Peter Robinson: In fact, you just mentioned a moment ago that the Dallas Russians took pains to make sure that the FBI was aware of his presence in Fort Worth.
Paul Gregory: Yes, yes, yes. Somehow it all fell into place, and the formula whereby they fell into place, I can't give you, but they fell into place. I never doubted it after that.
Peter Robinson: Mm, so let's go through about 48 hours after the shooting here very quickly because this is the last 48 hours of his life. As you sum it up here in "The Oswalds," "After firing the shots, Lee Harvey Oswald left the building," the Texas School Book Repository, "fled on a city bus and then taxi. In a panic, he cut a suspicious figure. An alert policeman, officer J.D. Tippet, stopped Oswald." And as Tippet gets out of his cruiser to approach Oswald, Oswald fires five shots. Four of them hit Tippet, and he's killed, and Lee Harvey Oswald is apprehended. Soon afterward, he flees to a movie theater. He's apprehended, he still has the pistol with him with which he shot Officer Tippet. So he's taken into custody at this point. He's picked up for shooting Tippet, and soon thereafter, the police put it together that he was in the Texas Book Depository. The rifle is found there, all of that. And then on November 24th, police are taking Oswald from Dallas headquarters. They want to get him to the county jail, which is more secure, and Jack Ruby, a Dallas nightclub owner, approaches, raises a pistol, shoots once, and kills Lee Harvey Oswald. He's declared dead at the Parkland Hospital, the same hospital where 48 hours earlier John Kennedy was declared dead. How did you learn of Lee Harvey Oswald's death, and what was your response to that?
Paul Gregory: I was one of the few who were watching live TV.
Peter Robinson: It happened on live TV, yes.
Paul Gregory: It happened on live TV, so.
Reporter Clip: Shot, Lee Oswald has been shot.
Paul Gregory: But to tell the truth, by that time, I felt as if I were watching some kind of theater piece that's taking place somewhere far away.
Peter Robinson: It begun to seem surreal to you?
Paul Gregory: it was surreal, yeah.
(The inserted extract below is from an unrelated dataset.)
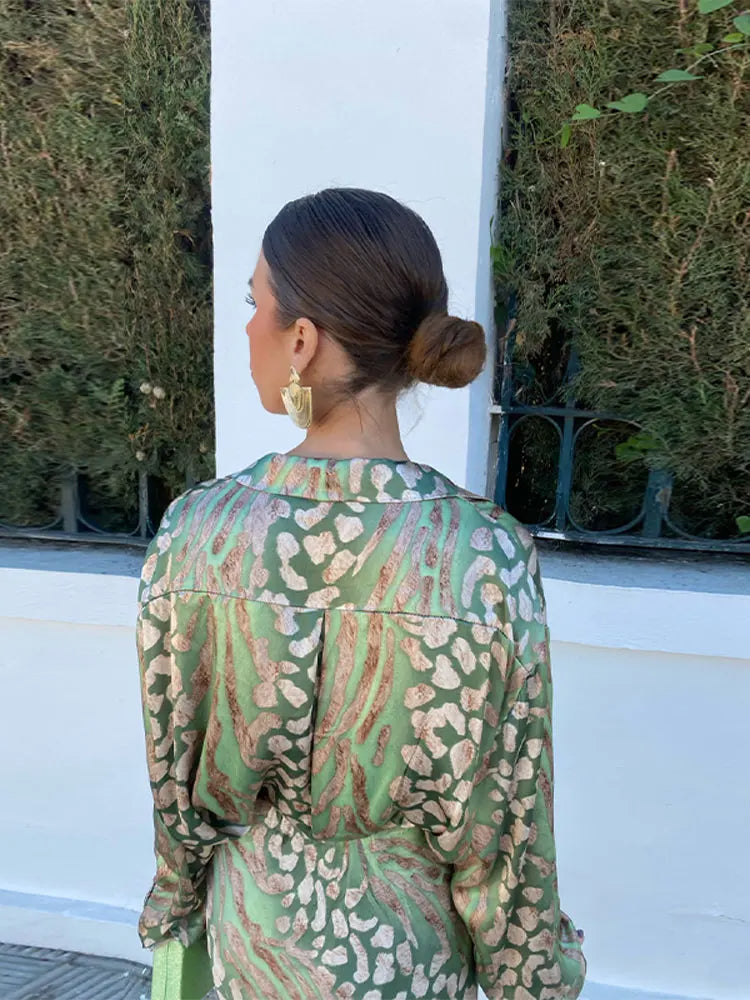 Valenzora | Dress Set - Women's - Elegant summer style with luxurious pattern - Long sleeves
And that I was somehow a part of this seemed surreal to me. So I didn't feel any particular emotion. This is someone I knew who had just been shot, et cetera. The one sort of technical question that interested me was the actual gunshot wound because it went into the stomach. I had looked at the repeats. I could see that he was shot in the stomach, and I felt surely Parkland could save someone from a stomach wound, so it came as a shock to hear that he had died. And by the way, at this time, my father, who translated for Marina in the aftermath of the assassination, he's the one who took the news to Marina in the office of the sheriff of Irving, Texas.
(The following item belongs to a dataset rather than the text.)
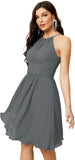 Niulatu Short Halter Top Chiffon Bridesmaid Dresses Tea Length A Line Formal Evening Party Cocktail Dress Dusty HZ1007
Peter Robinson: All right, so now, the president is dead. Lee Harvey Oswald is dead. When did the FBI come for you?
Paul Gregory: The FBA never came. It was the Secret Service.
Peter Robinson: I'm sorry, Secret Service.
Paul Gregory: No, it's a natural question. In fact, it's an interesting question because the Secret Service was convinced that the local FBI had botched the matter because they knew there was a Lee Harvey Oswald.
Peter Robinson: They knew about him, yes.
Paul Gregory: They knew about him. He had actually come in a week or so earlier, threatening them. So the Secret Service was quite irate at the failures of the FBI. So it was the Secret Service that I had dealings with, and it was the Secret Service that my father had dealings with. But the question was-
Peter Robinson: Well, when did the Secret Service then come find you?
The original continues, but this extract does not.